Some of the women in their group had visited the tomb in which their leader had been buried and found it empty. There was talk of resurrection, but it was too soon to tell whether it was a miracle or just a hoax of some sort. They had hung around in waiting mode as long as they could, and now it was time to get back to real life. Their dream of what the kingdom of God would look like as it had emerged from their little community, the hopes and dreams on which they had oriented the last three years of their lives, the vision that had caused them to give up fishing and tax collecting and the like in order to commit themselves to following Jesus—it was all gone. Each one who had been part of the community of Jesus now had to come to terms with life on the other side of the death of their wish dream. They had to figure out what to live for now that the vision that had brought order and purpose to their lives was no more.
Not knowing what else to do, Cleopas and an unnamed disciple were wandering home, trying to make sense of it all. They were suspended somewhere between loss and possible gain, grief and possible joy, profound human suffering and perhaps some kind of redemption, dashed hopes and maybe daring to hope again. They were wrung out—emotionally, spiritually and physically. They had been powerless to prevent the events of the last days, and they were powerless now to do anything to change their situation. The road from Jerusalem to Emmaus was the road between the now and the not yet.
Although they were probably not aware of it, these disciples were in what Richard Rohr calls “liminal space”—a particular spiritual position where human beings hate to be, but where the biblical God is always leading them. The Latin root limen literally means “threshold,” referring to that needed transition when we are moving from one place or one state of being to another.3 Liminal space usually induces some sort of inner crisis: you have left the tried and true (or it has left you), and you have not yet been able to replace it with anything else.

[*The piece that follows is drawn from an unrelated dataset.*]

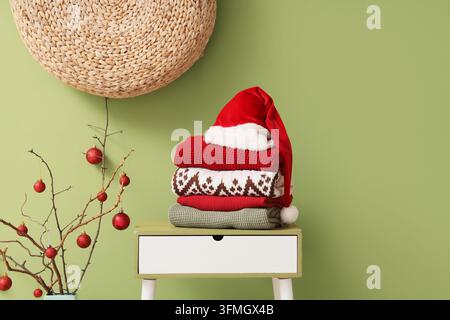 Christmas preparation and winter comfort, stack of warm knitted sweaters with a Santa hat on a bedside table in a cozy home interior Stock Photo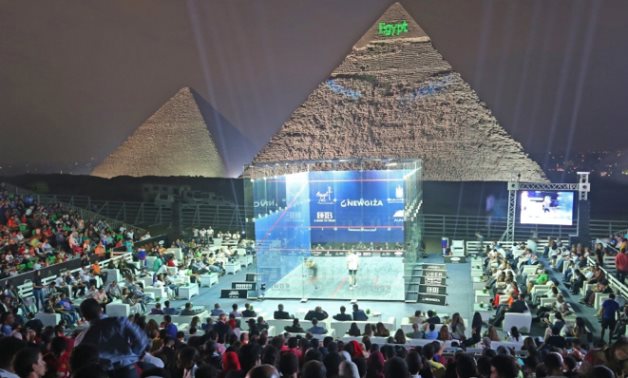 FILE - Squash tournament at the Pyramids of Giza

This is Abraham leaving his home country and his father’s house for a land he did not yet know.
It is Joseph in the pit.
It is the Israelites wandering in the wilderness between Egypt and the Promised Land.
It is Jonah in the belly of the fish.
It is Mary weeping at Jesus’ tomb.
It is the disciples huddled in the upper room.
It is Cleopas and the unnamed disciple on the Emmaus Road betwixt and between the life they had known and whatever was supposed to come next.
This was a time for intimate emotions and dangerous questions. Maybe something new and wonderful was in the works, but who knew? And just when they had gotten about the business of trying to adjust to their new normal, they were unnerved by the unexpected, pushed off center by intimations of the unimaginable.
Thank God they had each other!
I am intrigued by the fact that the second disciple on the Emmaus Road is not named. Even though it’s fun to speculate (some think the unnamed disciple was Cleopas’s wife; others think it was Luke, who is attempting not to draw attention to himself), I prefer to leave it alone. The fact that we don’t know who the second disciple was means it is easier for us to find ourselves on this familiar road. For you see, all of us are on our own Emmaus Road—somewhere between the now and the not yet—in some area of our lives.